» What you will do:
Copy, word for word, the lines of the entries below between the one with "5th image of 1590 Anderson Ave APT 3C" and the one with "Spojovací most mezi", inclusive, and leave out everything else.

» Extracted entries:
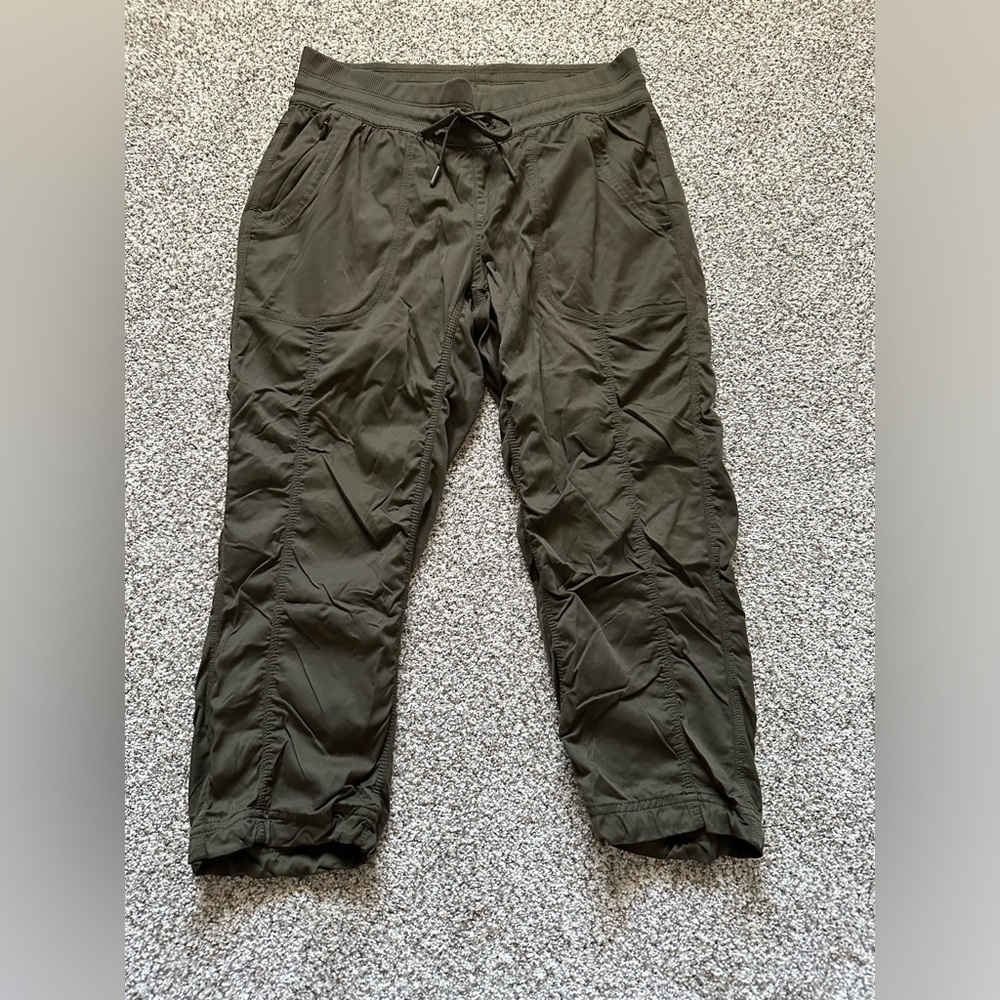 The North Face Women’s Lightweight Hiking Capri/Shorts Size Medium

--

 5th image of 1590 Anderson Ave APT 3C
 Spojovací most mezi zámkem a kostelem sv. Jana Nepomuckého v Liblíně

» Task solution:
 5th image of 1590 Anderson Ave APT 3C
 Spojovací most mezi zámkem a kostelem sv. Jana Nepomuckého v Liblíně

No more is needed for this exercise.